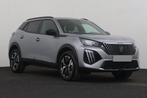 Peugeot 2008 Hybrid 145 Allure (bj 2025, automaat), Auto's, Gebruikt, Bedrijf, 5 deurs, Hybride Elektrisch/Benzine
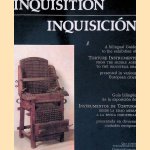 Inquisición - Inquisición
Robert Held e.a.
€ 9,00 Inquisición - Inquisición
Robert Held e.a.
€ 9,00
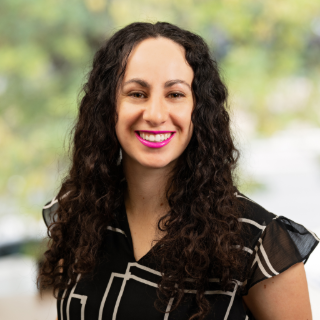 Julia Kirreh - Real Estate Agent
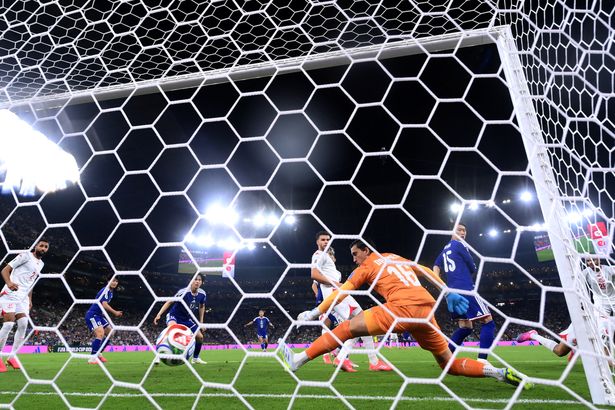 Three teams eliminated from World Cup so far after new FIFA rule changes everything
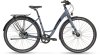 Stevens Courier Luxe Forma - Granite Grey - 52 cm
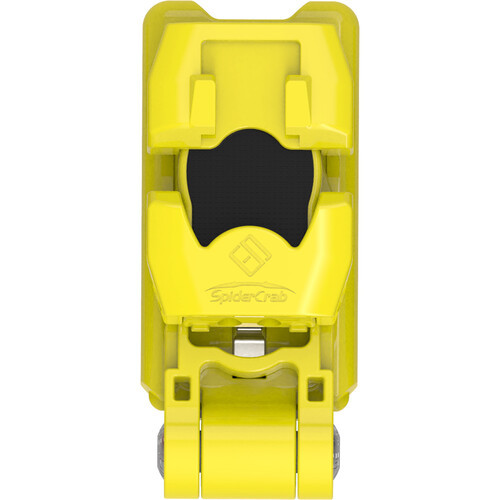 iFootage Spider Crab Versatile Phone Holder-Yellow MS-Y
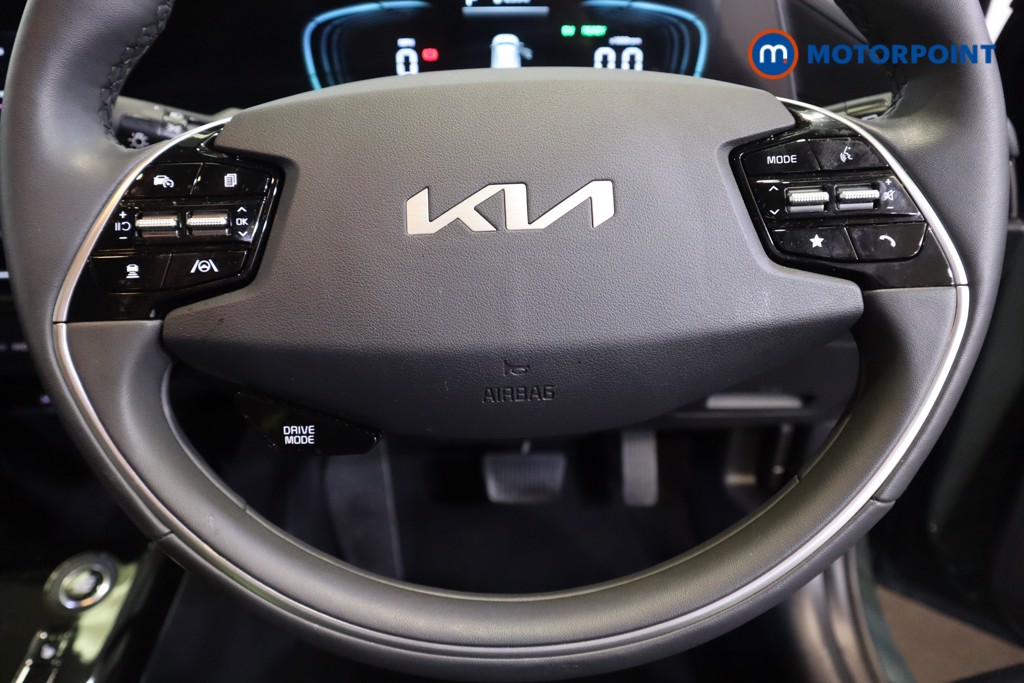 KIA Niro 3 Automatic Petrol Plug-In Hybrid SUV - Stock Number (1565050) - 4th supplementary image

▶ Aim of the task:
Produce a verbatim copy of every entry, excluding pictures.

▶ Answer box:
 Peugeot 2008 Hybrid 145 Allure (bj 2025, automaat), Auto's, Gebruikt, Bedrijf, 5 deurs, Hybride Elektrisch/Benzine
 Inquisición - Inquisición
Robert Held e.a.
€ 9,00 Inquisición - Inquisición
Robert Held e.a.
€ 9,00
 Julia Kirreh - Real Estate Agent
 Three teams eliminated from World Cup so far after new FIFA rule changes everything
 Stevens Courier Luxe Forma - Granite Grey - 52 cm
 iFootage Spider Crab Versatile Phone Holder-Yellow MS-Y
 KIA Niro 3 Automatic Petrol Plug-In Hybrid SUV - Stock Number (1565050) - 4th supplementary image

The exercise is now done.